Day 1 was signing day which we couldn’t do until late in the afternoon. We then stole a few moments and went out for a toast on the property with family in tow before celebrating with viewing the latest Star Trek flick and eating dinner at Abuelo’s. Hand shaken margaritas should be a requirement for Mexican food. Just sayin’. And Day 2, although we’d planned on starting the work, we ended up having to repair fencing in the pasture where our goats are currently residing to keep them out of the neighbors acreage. They say if water can pass through the fence, so can a goat and ours have proven that many times over.
Which left today to begin. The day when 100 degree plus temps were forecast and all wind ceased to blow in our fair state. In Oklahoma, the temp is normal for August but windless days are rare. Anyway we trudged out at 6:30 AM to begin what we’re pretty sure will be an endless task of removing sticktights from the land. You know, those tiny grey seedheads that can bind your shoelaces into a knotted mess before you’ve closed the car door? Yep. We have those in abundance. While mom helped tackle the area near the old house and around what will be our new garden, I set off to clear the driveway of overhanging limbs and the entry of anything the weed eater couldn’t handle while Jerry played with his new chain-saw and began the process of removing a fallen tree from in front of the old barn.
We set up an old steel barrel in the middle of the garden plot to burn those nasty buggers which worked well. At least after a fashion … they were still moist enough that they didn’t want to burn well at first, so Jerry decided to add a little fuel to the mix. When he lighted it, instead of burning like so many other fires we’ve had, it exploded and made a ferocious boom and singed the hair off his legs. So, we changed tactics a little and removed everything from the barrel, started a small fire on the bottom and added to it handfuls at a time until the air temperature rose from a steady 85 degree to a blistering 885 in mere moments.

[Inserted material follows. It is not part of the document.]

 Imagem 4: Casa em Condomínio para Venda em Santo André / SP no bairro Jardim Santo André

This winter, I suppose, we will be glad to have that capacity to make heat, but today it just sucked. By 9:45 we were wiped out, our dew rags were dripping with sweat, and the sun’s rays had finally filtered through the tree tops and were shining on the land right where we plan to put the garden. Why fight nature, right? I mean, we could spend time and effort clearing the perfect place in our scheme for the garden to go but there’s already a cleared place where the sun shines most of the day. Seems logical to put the garden there.

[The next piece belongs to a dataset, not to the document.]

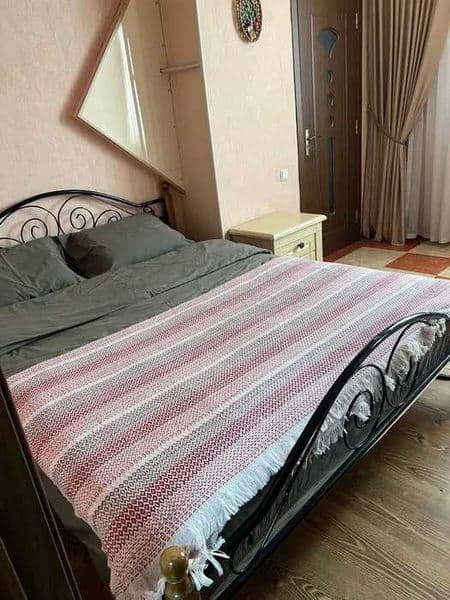 В аренду предлагается светлая и уютная квартира с хорошим ре — фото 4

It doesn’t look like much more than a mess right now, but by next spring it will be a functioning garden without a doubt. I can already taste the spring peas and radishes, the sweet salads, the juicy tomatoes, the black eyed peas, the green beans … I’m drooling just thinking about it.
Anyway, we have lots of plans – earthbag structures, permaculture landscaping, mass rocket fuel heating, building a bridge, a little log stacking art work for the entry, pond building, hot tub/sauna construction, incorporating in our goats, chickens, and rabbits, adding pigs and bees to the flock, and eventually even building a house all while practicing green living. We hope you’ll join us on this adventure in the wild.